What, sixteen, seventeen years old? Me, my friend, a couple of doobers in the car on the way to the theater. Seats pretty close up front. And then that planet. Wow!

And then that space ship! Awesome!

And THEN the SPACE CRUISER! Whoa!

I saw the first three, of course. And then some years later, I saw the original "Star Wars" on television. And you know what? A breakthrough in special effects, but one of the worst movies ever made. As Harrison Ford reportedly said, "George, you can write this shit. You just can't say it."

-- David Dunne

Tragic hero, my ass
The original 1977 "Star Wars" was the defining moment of my sixth-grade year, when I fell madly in love with Luke Skywalker. Not with Mark Hamill the actor, but with Luke in his white leggings and messy hair who understood the Jawas on Tatooine. I loved the otherness of the places, the wisecracks between the three leads, the kindly Obi-Wan, and Luke's mysterious destiny. And Luke drove a landspeeder. How cool is that?

My interest waned with the second two movies, as junior high and then high school progressed. By the time the Ewoks and their teddy-bears picnic of an ending traipsed across the screen, I didn't care anymore.

I had moved on, to Le Guin, Tolkein, McKillip, and many other science fiction and fantasy writers who could construct a believable, consistent world populated with characters I cared about. "Star Wars" was fun but lacked the punch of better writers.

When the two most recent movies came out, I went. And they were truly terrible. I don't think I've ever before come out of a movie theater wanting not only my money back, but also my afternoon back. They were worse than "Waterworld," my personal measuring stick for bad science fiction.
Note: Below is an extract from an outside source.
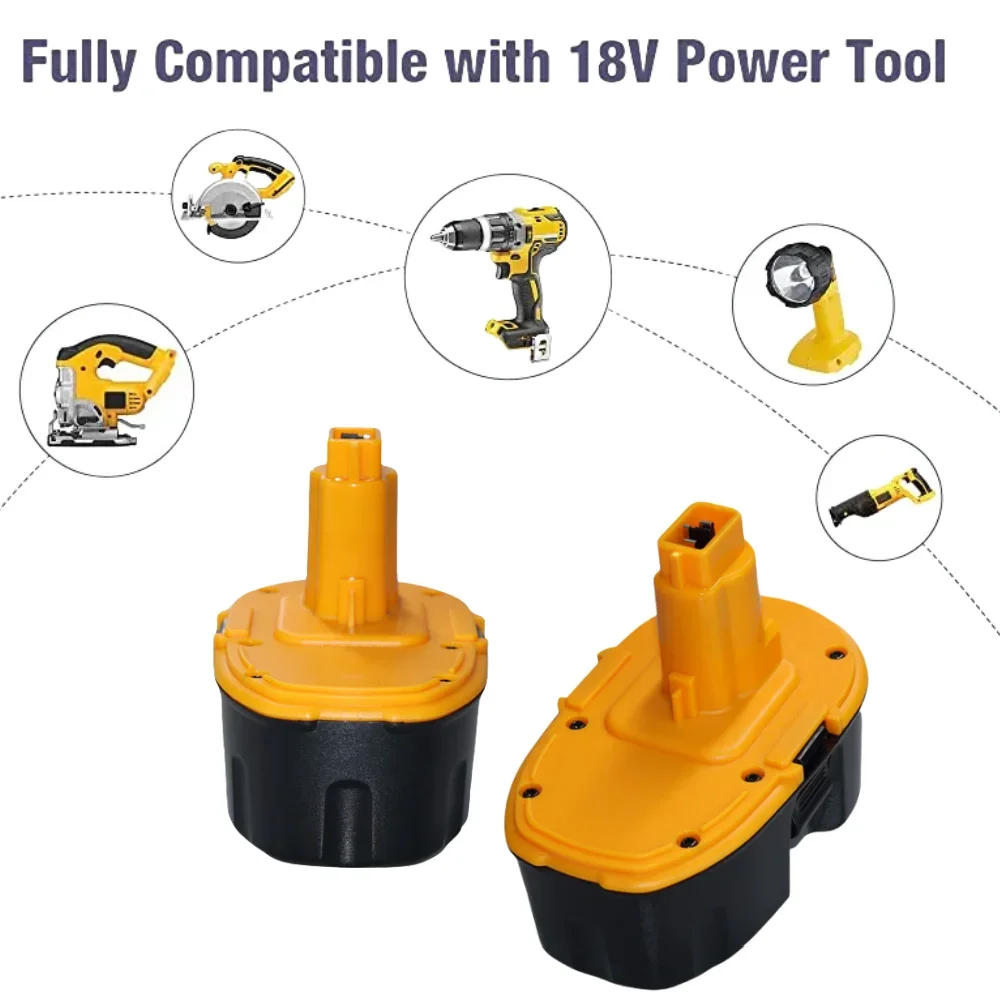 For Dewalt 18V 4800/6800/9800/12800mAh Ni-MH Battery DC9098 DC9099 DW9095 DW9096 DW9098 DE9038 DE9096 Power Tool Battery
I was angry at George Lucas for all the things those movies should have been and weren't. Special effects do not make a story. I knew I was supposed to care about Hayden Christensen's character in whatever the last one was called, but honestly! I wanted to smack him by the end of it and send him to his room. Take his cellphone away. Some other teenage punishment for truly reprehensible behavior from a petulant boy. Tragic hero, my ass. I hated him by the end of the film.

I hope Christensen's Anakin somehow manages to redeem himself, and that I am able to feel at least a shred of sadness as he turns into Vader. I hope after all this time that Lucas can make me care.

-- Kristina Ricks

Fuzzy thinking
It was the Ewoks. They ruined it for me. Before the Ewoks, the "Star Wars" universe was a real place that I would populate with my own stories (I never read any of the "Star Wars" books, except for "Splinter of the Mind's Eye," a book more memorable to me for its title than content). I decided that Luke would fail in his quest and Leia would save the universe, and I would spin out stories of how it would all work out and how cool the future of a place with a past such as "Star Wars" would be.

And then I saw the Ewoks, and realized that it was all just a stupid movie and the best thing about it was looking at Harrison Ford for a couple of hours.

I suffered through the last two movies, and will go see "Revenge of the Sith" on Thursday, but I'm not expecting anything. But still, I couldn't *not* go.